Content starts
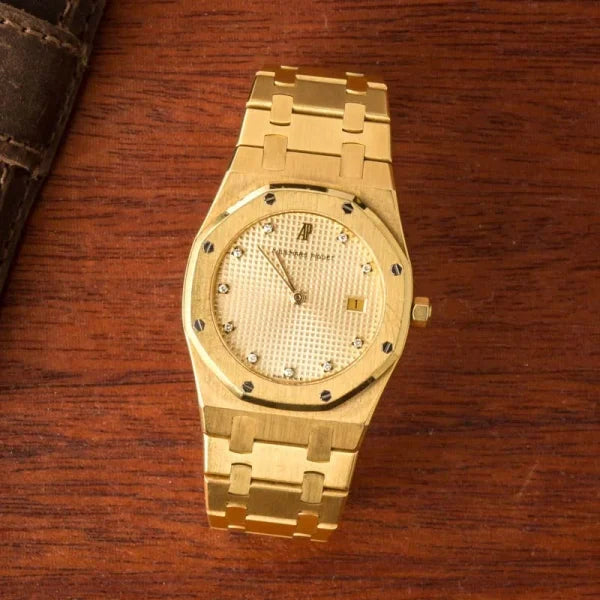 Audemars Piguet Royal Oak Champagne Diamond Dial 56175BA.OO.0789BA.05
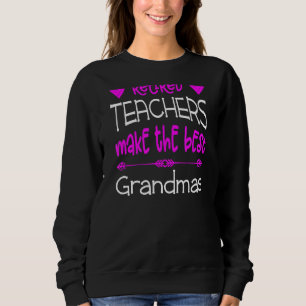 Lärare Pension Best Grandmas Retröring Retiring T Shirt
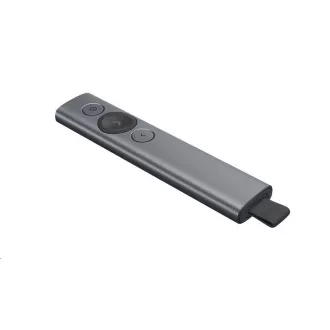 Logitech prezentér, SPOTLIGHT BT/WL Presenter - EMEA, slate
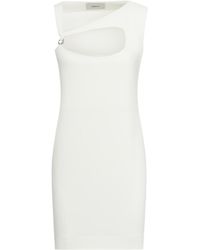 Coperni - Hollowed-Out Mini Dress - Lyst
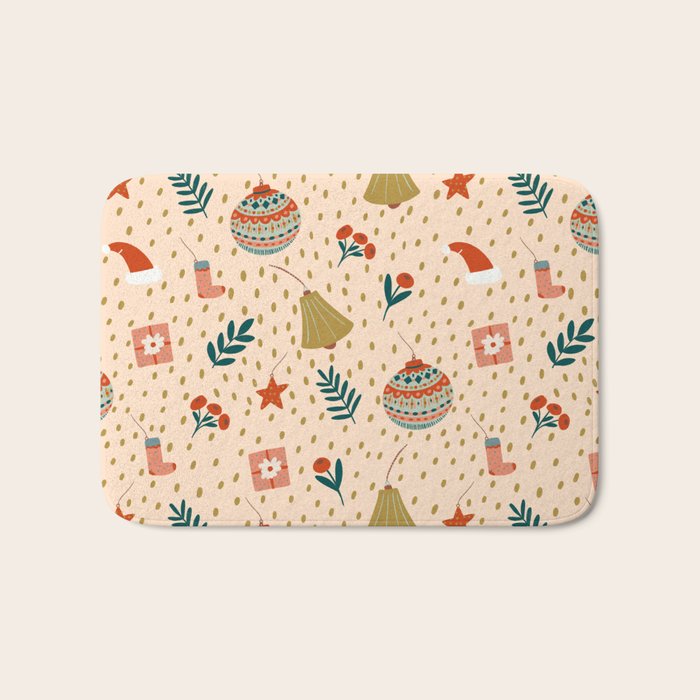 Christmas Joy  Bath Mat Gallery Image 1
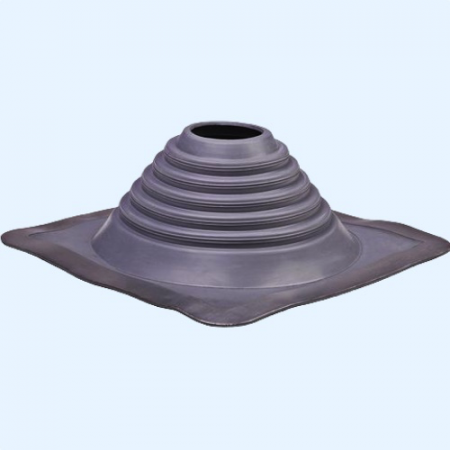 Манжета термостойкая кровельная прямая №4 синяя EPDM (75-160 мм)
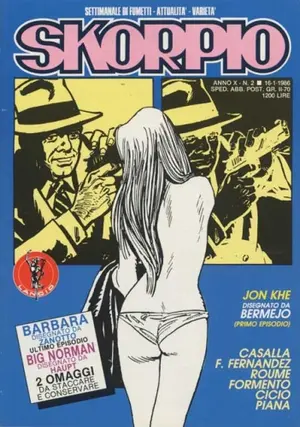 Copertina di SKORPIO · 464 — Skorpio n. 464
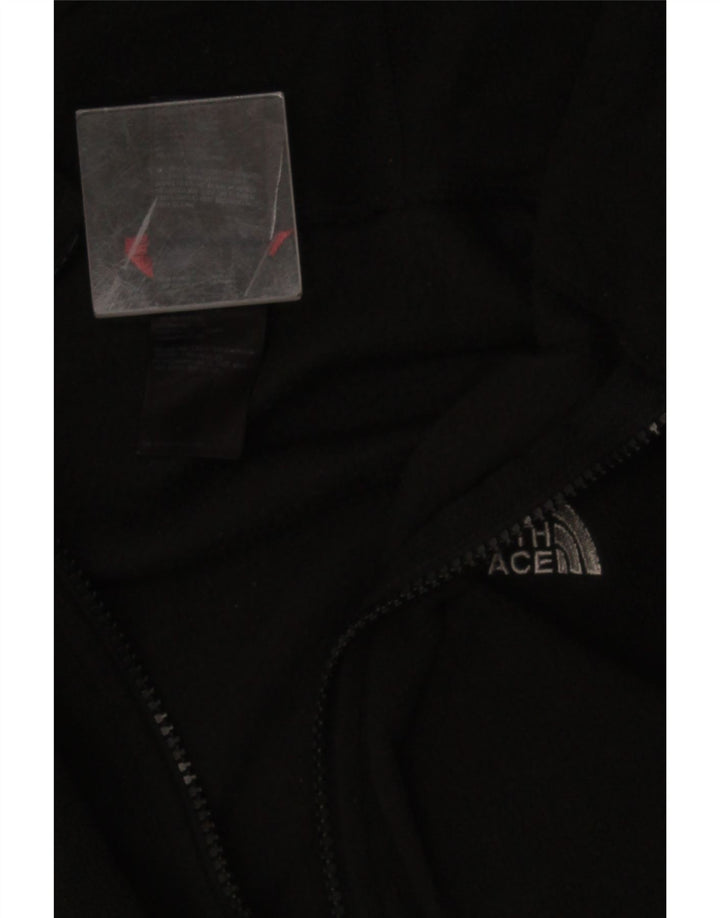 The North Face Veste polaire à capuche pour femme UK 12 Medium Noir Polyester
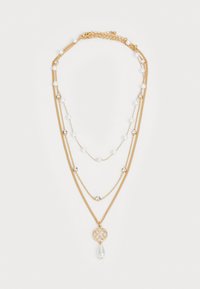 3 PACK - Collana - shiny gold-coloured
Content ends
■ Work instructions ■
Starting with the line that holds "Gallery Image 1", repeat exactly every line through the end of the material above, both ends included, without the pictures.

■ Your response ■
 Christmas Joy  Bath Mat Gallery Image 1
 Манжета термостойкая кровельная прямая №4 синяя EPDM (75-160 мм)
 Copertina di SKORPIO · 464 — Skorpio n. 464
 The North Face Veste polaire à capuche pour femme UK 12 Medium Noir Polyester
 3 PACK - Collana - shiny gold-coloured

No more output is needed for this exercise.